WORK TASK. Reproduce the whole listing below without its pictures, exactly as written.
*** SOURCE DATA ***
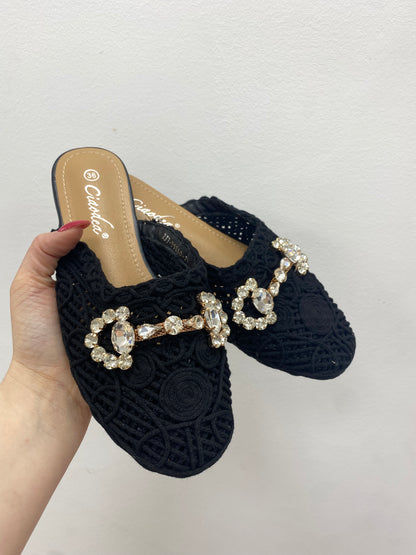 Slippers crochet nero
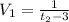 V_{1} = \frac{1}{t_{2} - 3}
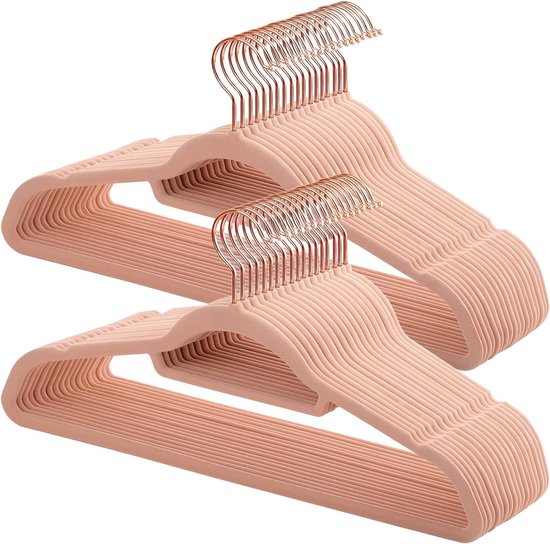 Fluwelen Kleerhanger 50 stuks Anti-slip Jashanger Draaibare Haak in Roze Goud - Ruimtebesparend 45 cm lang voor Kleding - Roze CRF21PK50 kledinghangers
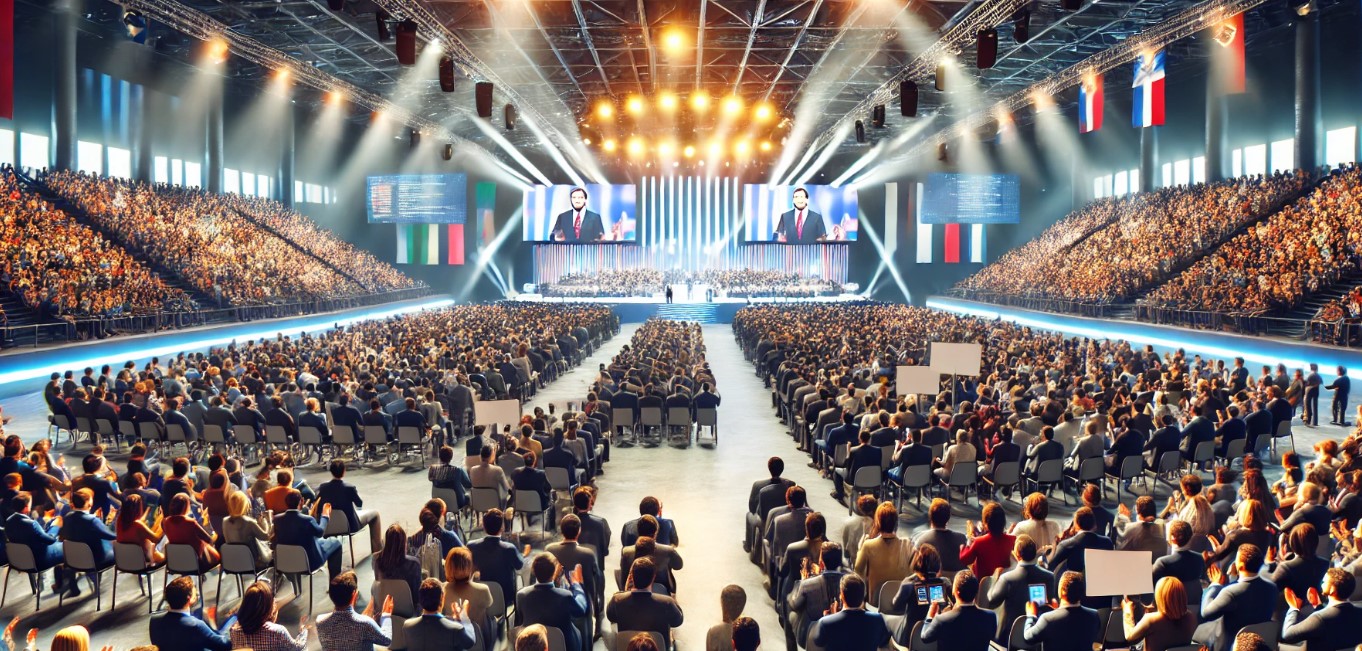 The convention hall is buzzing with excitement, packed with attendees seated in rows, all facing a brightly lit stage. The speaker at the podium commands the crowd's attention, while banners and signs throughout the hall add to the vibrant, energetic atmosphere.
*** End of SOURCE DATA ***
SOLUTION FOR THIS TASK.
 Slippers crochet nero
 V_{1} = \frac{1}{t_{2} - 3}
 Fluwelen Kleerhanger 50 stuks Anti-slip Jashanger Draaibare Haak in Roze Goud - Ruimtebesparend 45 cm lang voor Kleding - Roze CRF21PK50 kledinghangers
 The convention hall is buzzing with excitement, packed with attendees seated in rows, all facing a brightly lit stage. The speaker at the podium commands the crowd's attention, while banners and signs throughout the hall add to the vibrant, energetic atmosphere.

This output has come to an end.